In 1987 the question of a NOM secretary once again was taken up, but the idea was abandoned after thorough discussions. The introduction of the Nordplus Program increased the actuality of this issue. It has been raised up again in the 1990′s with not very much enthusiasm. The need for more thorough preparation of the NOMs and the exchange of information has been recognized by all NUSes concerned, though. In 1994 SFS and in 1995 DSF volunteered to be a coordinator of NOM but the experiment was not very succesfull as it did neither improve the preparation of the meetings nor the flow of information between the NUSes.

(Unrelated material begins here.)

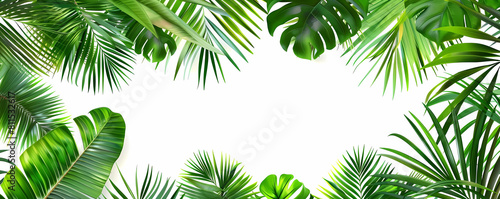 tropical palm leaf vector frame on a isolated background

In 1989 at the NOM in the Faroe Islands SHI, MFS and DKIK decided that they would form a North-Western group which in connection with NOMs would meet and discuss the specific problems of their area. This cooperation seems to have disappeared as the years have gone by. MFS and DKIK have not been participating in every NOM meeting due to limited resources, but their participation in NOM has always been very much encouraged by all the other NUSes.
Normally NOM has been convened twice a year, and until 1996 the tradition of biannual meetings has continued. In 1995 the NOM in the Faroe Islands decided to have once a year a normal NOM meeting and once a year a NOM seminar. In the spring of 1996 the first NOM seminar was held in Copenhagen under the theme “Social welfare and living conditions of students in the Nordic and Baltic countries.” The Baltic NUSes had attended the NOM in the Faroe Islands already in 1992 but not since then. It was agreed in 1995 to invite them to NOM seminars from now on. It was also in Copenhagen that LMS/Denmark participated in the work of NOM for the first time.
In 1995 a NOM File was created to help the NUSes to find out more information about other NUSes and systems in their country. The file contains information about every NUS, their work, education system, welfare system etc.
Since 1987 Nordplus has been THE theme of the NOMs although there have been also other issues on the agenda. Since 1993 the Common Educational Market has been THE topic. Also minorities, a common Nordic student card, international matters (ESIB, Youth Forum etc.), Lifelong Learning and EU have been on the agenda. Otherwise, the themes discussed have been very similar to those proposed by SYL in 1946 to the Nordic Meeting. The process has been slow but lasting.
What is NOM today, summa summarum
During various periods the various Nordic NUSes have had various opinions about the importance of NOM. Yet it has survived the fifty years of ups and downs.
In 2006 three organisations applied for the membership of NOM and were accepted as full members: FESU (Esthonia), LSA (Latvia) and LSS (Lithuania). This historical event extended the cooperation to more natural regional boundaries and welcomed new ideas and thoughts to NOM cooperation.
In Finland we very much appreciate this co-operation and do hope that, despite the quick turnover of persons involved in the NUSes, this form of co-operation will continue and develop.